Todo lector compulsivo, y aún más si ha consagrado su vida a la escritura, arrastra tras de sí dos monstruos librescos: uno lo constituye la pila de volúmenes que va amontonando en la mesilla, hasta que les toque el momento de ser leídos; el otro, las estanterías rebosantes de libros que acumula desde la niñez. Del primero ya hablamos aquí en una ocasión. El segundo representa un tesoro incalculable, pero también una carga durante nuestros desplazamientos.
En la novela “Zuckerman desencadenado” se narra, en un párrafo, la relación del protagonista con los libros en sus continuas mudanzas. Un fragmento maravilloso en el que su autor describe cómo el escritor Nathan Zuckerman, siendo un adolescente, sale de casa de sus padres con dos libros bajo el brazo, en dirección a Chicago. Esos libros, cuatro años más tarde, se han convertido ya en cinco cajas de clásicos de segunda mano que debe trasladar de nuevo a la casa de su familia antes de cumplir el servicio militar. Luego recorre sus matrimonios fracasados: de cada piso de cada ex mujer sale cada vez más cargado. Al final, y aunque no tiene ni cuarenta años, acarrea en sus mudanzas unas ochenta y una cajas de libros que, a la postre, sabe que cubrirán casi todas las paredes de su nueva casa.
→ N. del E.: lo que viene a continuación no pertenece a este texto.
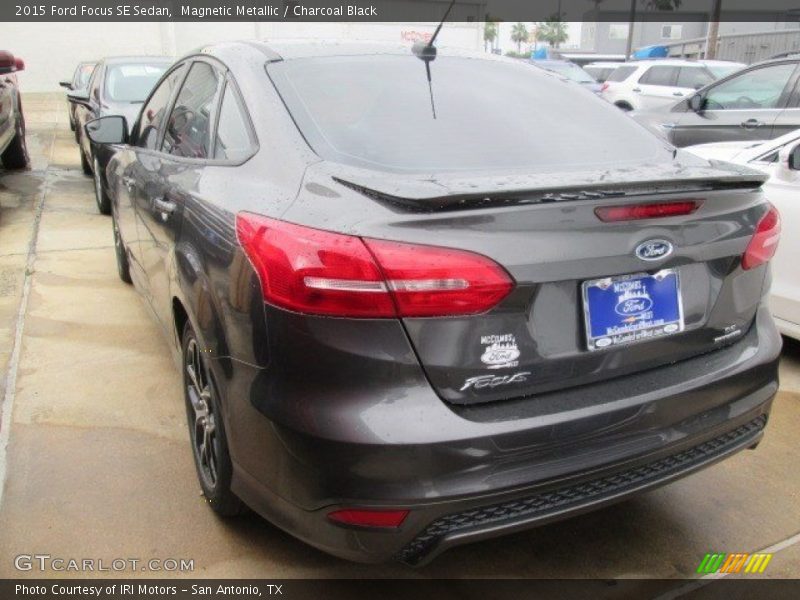 Magnetic Metallic / Charcoal Black 2015 Ford Focus SE Sedan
Me conozco de memoria esos incordios. Empaquetar los volúmenes. Sacarlos del cuarto. Acarrearlos hasta el descansillo. Meterlos en el ascensor, si el edificio en cuestión dispone del mismo. Pasearlos hasta un coche o una furgoneta. Viajar con ellos en el maletero, en uno o varios trayectos, dependiendo de las toneladas que uno posea. Repetir la operación a la inversa: llevarlos desde el vehículo hasta el portal y luego hasta el ascensor, empujarlos por el pasillo, introducirlos en su nueva habitación, desempaquetarlos. Y ordenarlos otra vez. Cualquiera que tenga más de mil libros y una mudanza en perspectiva sabrá a lo que me refiero. Los míos, mis libros, han estado en seis lugares diferentes y soportado unos siete viajes en sus cajas. Ignoro si es mucho o poco. Los libros, en cada mudanza, se han multiplicado, como si fuesen criaturas que no cesan de procrear y se negaran a la extinción de su especie. Aumentan de manera bárbara, gracias a nuestra complicidad. Empieza uno trasladándose cuando todavía no se afeita y apenas posee cien títulos. En el siguiente cambio de domicilio probablemente sean ya doscientos o trescientos ejemplares. Pronto se convierten en mil. Y continúan creciendo, hasta que uno no sabe ya dónde meterlos, en qué huecos libres encajarlos: en las estanterías, en los armarios, en la mesilla. Cualquier escondrijo es válido para no desprendernos de su compañía, para no decirles jamás adiós. El monstruo no deja de crecer: si uno no se los compra, se los regalan. O tropieza en los cajones de las librerías de saldo con joyas cuyo precio ronda los dos euros y sabe que es inevitable hacerles justicia y comprárselas, rescatándolas de su lugar polvoriento y olvidado. Algunas personas, para ir haciendo hueco, optan por regalar los ejemplares ya leídos o los menos amados; otras, los venden a los dueños de las ferias de libros de ocasión; muy pocos los arrojan a la basura, por fortuna. Lo único que amarga de esta historia (porque, aunque ordenarlos y desordenarlos, empaquetarlos y desempaquetarlos, acarrearlos de aquí para allá constituya una sarna, en el fondo lo hacemos con gusto) es que, como suele decirse, nunca podremos leerlos todos: necesitaríamos varias vidas, etcétera. Son, insisto, una especie de monstruo que reclama nuestra atención y devora el espacio de la casa. Pero ojalá todos los monstruos fueran así.